Monday, February 13, 2012

A place for anger and bitterness

            Anger is not looked at too positively in our society. Bitterness is considered even worse. Activists, particularly indigenous rights activists or feminists, are sometimes called angry or bitter - and when they are, it's not a compliment.
            I agree that some activists are angry or bitter. But I don't see this necessarily as a bad thing. In fact, often it's that anger and bitterness that fuels their activism. It's that anger and bitterness that gives them the motivation to change things for the better.
            Anger and bitterness don't usually spring up from nowhere. They are cultivated when conditions are unjust or unfair - or at least perceived that way. I think there's a cry behind every angry or bitter person that says, 'this isn't the way the world was meant to be.'
            Now admittedly some people hold onto anger and bitterness when there really is no need for it. Their ideas of what's fair are heavily slanted to what they want. Often people see any bad treatment towards themselves as unfair, but fail to see how what they want would be unfair for someone else.
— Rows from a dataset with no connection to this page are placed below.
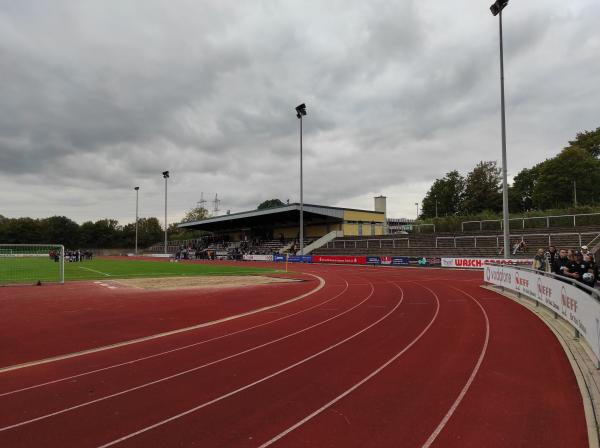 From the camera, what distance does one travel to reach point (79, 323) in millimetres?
11234

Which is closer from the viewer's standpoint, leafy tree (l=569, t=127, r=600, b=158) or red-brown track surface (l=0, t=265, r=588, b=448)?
red-brown track surface (l=0, t=265, r=588, b=448)

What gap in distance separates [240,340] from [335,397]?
12.8 ft

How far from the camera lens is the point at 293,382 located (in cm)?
611

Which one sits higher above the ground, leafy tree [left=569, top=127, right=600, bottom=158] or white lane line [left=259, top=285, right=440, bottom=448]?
leafy tree [left=569, top=127, right=600, bottom=158]

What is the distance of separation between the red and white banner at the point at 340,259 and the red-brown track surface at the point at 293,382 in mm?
28049

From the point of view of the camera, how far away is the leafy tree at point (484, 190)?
6656 cm

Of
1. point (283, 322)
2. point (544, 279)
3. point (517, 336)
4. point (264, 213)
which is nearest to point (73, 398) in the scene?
point (283, 322)

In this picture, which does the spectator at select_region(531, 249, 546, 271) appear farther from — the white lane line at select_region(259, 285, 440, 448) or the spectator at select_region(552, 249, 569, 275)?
the white lane line at select_region(259, 285, 440, 448)

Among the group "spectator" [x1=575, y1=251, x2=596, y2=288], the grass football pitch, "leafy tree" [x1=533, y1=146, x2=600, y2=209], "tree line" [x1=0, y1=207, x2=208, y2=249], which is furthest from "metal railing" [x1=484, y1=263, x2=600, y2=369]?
"tree line" [x1=0, y1=207, x2=208, y2=249]

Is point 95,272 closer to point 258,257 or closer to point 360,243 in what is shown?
point 258,257

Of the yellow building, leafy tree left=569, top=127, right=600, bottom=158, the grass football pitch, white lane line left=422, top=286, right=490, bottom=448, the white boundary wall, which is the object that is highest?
leafy tree left=569, top=127, right=600, bottom=158

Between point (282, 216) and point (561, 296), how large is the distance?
52.4m

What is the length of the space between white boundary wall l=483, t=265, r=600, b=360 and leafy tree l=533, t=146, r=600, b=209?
1830 inches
            But often it is warranted. Sometimes life really is unfair. It was unfair that people were captured and made slaves. It was unfair that people were treated as second-class citizens simply because of the colour of their skin. It was unfair that Europeans thought they could take the Australian Aboriginal peoples' land just because they wanted it and it wasn't being cultivated according to European ideas. It was unfair that women could not own their own property, go to university or vote.
            I could go on. Our history is filled with situations where people were treated unfairly.
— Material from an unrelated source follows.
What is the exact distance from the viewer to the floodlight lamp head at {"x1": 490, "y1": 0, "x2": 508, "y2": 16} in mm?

            And where there are real situations of injustice, I believe anger is not only an acceptable response, but a desirable one.
            What's the alternative? We shrug our shoulders, say 'well life isn't fair' and continue on as we always have.
            Many of the situations listed above have been changed (even if they still might have some way to go before real justice is happening). And they weren't changed by apathetic people. They were changed by angry, maybe even bitter, people. And I say thank God for their anger and bitterness.
            While the situations above may have been changed, there are still many unjust conditions in the world. It is not fair that some of us get to live in luxury while people in other countries starve. It is not fair that people in western countries are conditioned to desire many "things", which neither they nor the earth can afford. It is not fair that we treat economic growth as more important than a healthy planet for future generations. It is not fair that our natural resources, the diversity of our plant and animal life and places of natural beauty are disappearing, so that those who come after us will not have the same opportunity to enjoy them as we do. It is not fair that our whole society seems to be centred on what we spend or buy, leaving those with little money feeling worthless. And it is not fair that, at the same time, the take-home pay of many people is getting less and less as companies seek to increase profit.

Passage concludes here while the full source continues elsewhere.